Ruckus Network and NIU Information Technology Services are working together to make free music and video downloads available to students next semester.
Vince Han, CEO and co-founder of Ruckus, said Ruckus allows students to access a variety of music and movie titles, along with local content, without having to worry about copyright infringement. The service will offer CD-quality songs, much like Apple’s iTunes Music Store and Napster 2.0.
NIU’s pilot agreement with Ruckus will be available to students living in Grant Towers beginning in August. Lincoln, Douglas and Neptune Halls’ DSL connections currently aren’t able to support the high-speed transfers, said Cindy Phillips, director of NIUTEL.
“We are in the process of upgrading the remaining halls, starting in the summer of 2005, to ethernet,” Phillips said.
The files on Ruckus will not be MP3s.
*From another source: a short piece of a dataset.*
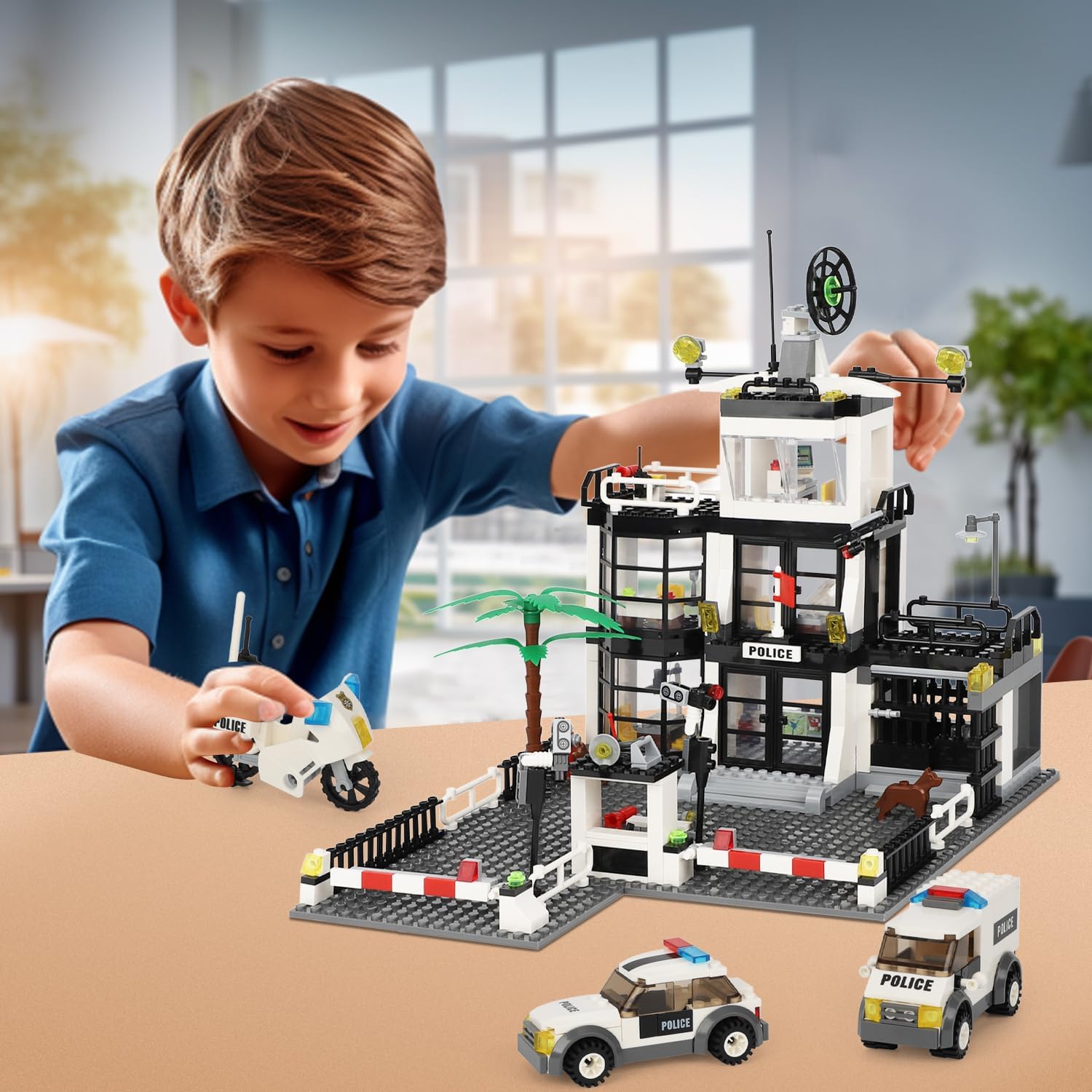 TOY PLAYER City Police Station Building Set - 631pcs - Compatible with Lego City Police Station, Toy Building Bricks Kit, Gift for Boys 8-14 Years image 5 of 7 B0CBSBGPBT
Instead, they will be Windows Media files that are encoded with a DRM. DRM stands for digital rights management and prevents downloaded files from being illegally copied, Han said.
The advantages of Ruckus over using other file-sharing programs is that all Ruckus files are stored locally on the NIU network, Han said. The advantage of storing files locally is faster download speeds.
For ITS, Ruckus has the potential to solve illegal downloading problems two-fold.
ITS receives an average of 40 to 50 cease and desist orders each month but has had some months where it received hundreds of orders saying users on the network are illegally transporting copyrighted files.
“File sharing and copyright infringement is something that was hurting higher education because their bandwidth for education or administrative use was being sucked up by illegal activity,” Phillips said.
ITS hopes Ruckus will alleviate costs incurred by cease and desist orders and administrative action taken on students, Phillips said.
ITS will underwrite the costs of the pilot for the first two semesters and then evaluate a need for Ruckus at NIU, she said.
“We will evaluate and see if this is something that interests students as an entertainment option,” Phillips said.
If there is no need for the service after the first year, ITS is not bound to continue anything with Ruckus Network, she said. If ITS continues its partnership with Ruckus, students will have to pay for the service.